Abstract
1- Introduction
2- Materials and method
3- Application of modeling techniques for case study
4- Conclusions
References
Abstract
The Safety in Operation system represents the framework within which every technological process operates. Any technological parameter – production, quality, must be analyzed in terms of this system. Mathematical and/or empirical modeling, as the first stage in the determination of the technological processes optimum operation regimes, represents a “must” both in the phase of conception, but mainly in the operation analysis phase. From this standpoint, the introduction of the active optimization method based on scheduled experiment represents an efficient tool to relieve the extreme conditions and to get information for technological processes optimum management. The work is focused on the mathematical modeling of the production function for an assembly of 13 drawing frames from two Romanian units, in terms of maintainability and reliability parameters. After determining the polynomial that characterizes the model, the work investigates the optimization of non-linear multi-variable polynomial function, and explains the context of getting the extreme values within the multi-factorial space. The work defines in its structure the notions of the safety in operation system used in research, applies quantitative study on a system from textile spinning mill field (one notices reliable operation times, break-down times, number of failures and the production of the technical systems on a pre-established time horizon); it statistically validates and mathematically optimizes the results.
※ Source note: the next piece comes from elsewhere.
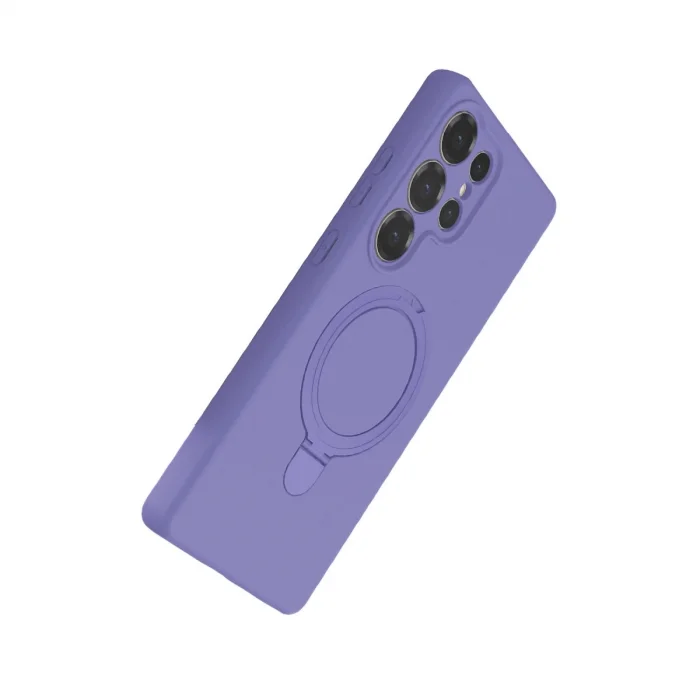 BUĞZ Samsung Galaxy S24 Ultra Regal Magsafe Standlı Kapak - Lila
The theoretical approach consists in an algorithm in a unitary software application that can be used as a tool in the decision problems appeared during the technological process.
Introduction
Determination of wanted production values in terms of an established system of Safety in Function (SF) represents still a desiderate for all the technological processes (Pedro Moreu De Leon et al., 2012), (Damjan Maletic et al., 2014). The SF system is characterized by 4 parameters: Maintainability (M), Reliability (R), Security (S) and Disponibility (D) (Stapelberg, 2009). Because the disponibility is a linear function of maintainability and reliability, and security is a qualitative parameter, the problem reduces to optimizing the production parameter as function of M and R (Rachid et al., 2010). (Hincheeranan & Rivepiboon, 2012), (Stoica, 2010) and (Huang & Lai, 2003) propose new tools for measuring maintainability of system in the design phase that is a “must” to improves the maintainability of the system before to produce it, methods to whose results I have reported. In this paper I have referred to some of the metrics proposed in (Barabadi A, et. al. 2011) and (Babu & Bharathi (2013) and the proposed methods was based on the techniques described in (Reussner, 2003), and (Crowe & Feinberg, 2001).